Vane drive rotary combustion engine

Abstract

A rotary engine is provided for providing torque. The engine includes a housing, a stator, a crank shaft, a rotor and a pair of vanes. The housing has an inner wall with an elliptical profile with major and minor axes. The stator has an outer wall and a double ellipsoid profile corresponding to the major and minor axes. The crank shaft is disposed at a junction of the major and minor axes, rotating about a spin axis orthogonal to the profiles. The rotor has an annular circular profile disposed between the inner and outer walls. The rotor turns on the crank shaft. The vanes radially slide within the rotor as the crank shaft rotates and as the vanes turn within the inner and outer walls.

Description

BACKGROUND

The invention relates generally to rotary engines. In particular, the invention relates to rotary engines with simple geometries.

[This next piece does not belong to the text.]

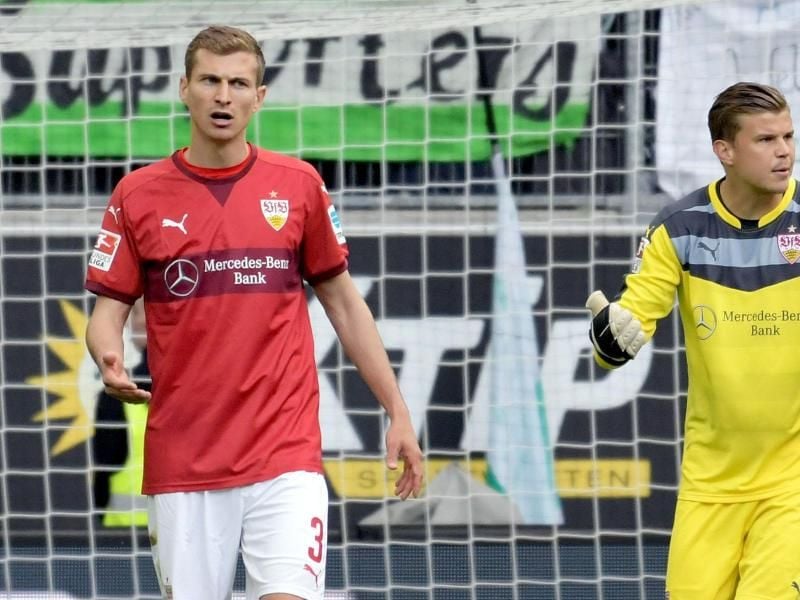 Daniel Schwaab hat beim PSV Eindhoven einen Dreijahresvertrag unterschrieben. Foto: Peter Steffen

Rotary internal combustion engines have been developed for decades. These include U.S. Pat. No. 1,028,316 to Allyn, U.S. Pat. No. 1,701,534 to Knopp, U.S. Pat. No. 2,988,008 to Wankel (the best known), and U.S. Pat. No. 5,305,721 to Burris. Another more recent is U.S. Pat. No. 8,936,004 to Buchanan with a modified Otto cycle (under tradename “EPIC”) as Navy Case 100714.

SUMMARY

Conventional rotary engines yield disadvantages addressed by various exemplary embodiments of the present invention. In particular, various exemplary embodiments provide a rotary engine for providing torque via the EPIC cycle. The engine includes a housing, a stator, a crank shaft, a rotor and a pair of vanes. The housing has an inner wall with an elliptical profile with major and minor axes. The stator has an outer wall and a double ellipsoid profile corresponding to the major and minor axes.

The crank shaft is disposed at a junction of the major and minor axes, rotating about a spin axis orthogonal to the profiles. The rotor has an annular circular profile disposed between the inner and outer walls. The rotor turns on the crank shaft. The vanes radially slide within the rotor as the crank shaft rotates and as the vanes turn within the inner and outer walls.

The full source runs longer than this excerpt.